If you're like me, you are drowning in CDs. Even before I signed up for MSDN the sheer number of them has become so unmanageable, that I have given up trying to use CDs and DVDs - when I buy software, I immediately copy it to the server, and put the media in the Big Box(TM) in the basement - in case piracy police comes and demands the evidence that I actually do own it...

This works very well for most of it, but sometimes the CDs are bootable. Like Windows, for example. So just copying the files is not enough. Luckily, there are tons of programs that would burn an image for you, and with the cost of CD/DVD blanks approaching zero, it's easier to have CD images on server and burn them as required rather than keeping physical media handy.

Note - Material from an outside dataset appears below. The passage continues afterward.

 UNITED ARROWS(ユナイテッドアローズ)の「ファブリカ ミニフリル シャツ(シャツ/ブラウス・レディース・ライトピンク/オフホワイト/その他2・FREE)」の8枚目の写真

There are, I am sure, tons of programs that would gladly rip a CD into an image file. But we're developers, right? And if a developer can write a tool, (s)he does. Luckily, Windows storage subsystem makes it extremely easy. This post is going to guide you through the process.

So let's start!

#define UNICODE 1
#define _UNICODE 1

#include <windows.h>
#include <stdio.h>
#include <ctype.h>
#include <strsafe.h>

#define ARRLEN(c) (sizeof(c)/sizeof(c[0]))

The essence: the same CreateFile function that we know and love can do much more than just opening plain vanilla files - it can open any device as well.

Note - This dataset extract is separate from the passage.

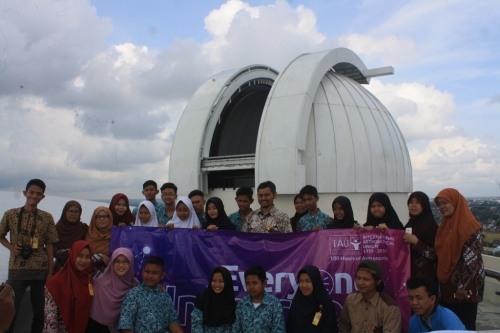 siswa_tunarungu_belajar_astronomi_di_uad_2.jpg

Every Windows physical disk and volume (partition) is backed by a block device. All we need to know is its name, and then we can address it just like any file - and yes, read and write from it using ReadFile and WriteFile. Completely bypassing the file system. Except of course if the device is a CD or DVD - then we can not WriteFile it (duh!).

Let's figure what the name is. Suppose the user is allowed to pass the number of the physical disk (C: is usually 0, D: is often 1, etc - you can look it up by going to My Computer->Manage->Disk Management), or a drive letter (D:) or a name of the folder where CDROM is mounted (C:\CDROM).

I use the AtoI conversion from here: http://1-800-magic.blogspot.com/2008/02/down-with-atoi.html.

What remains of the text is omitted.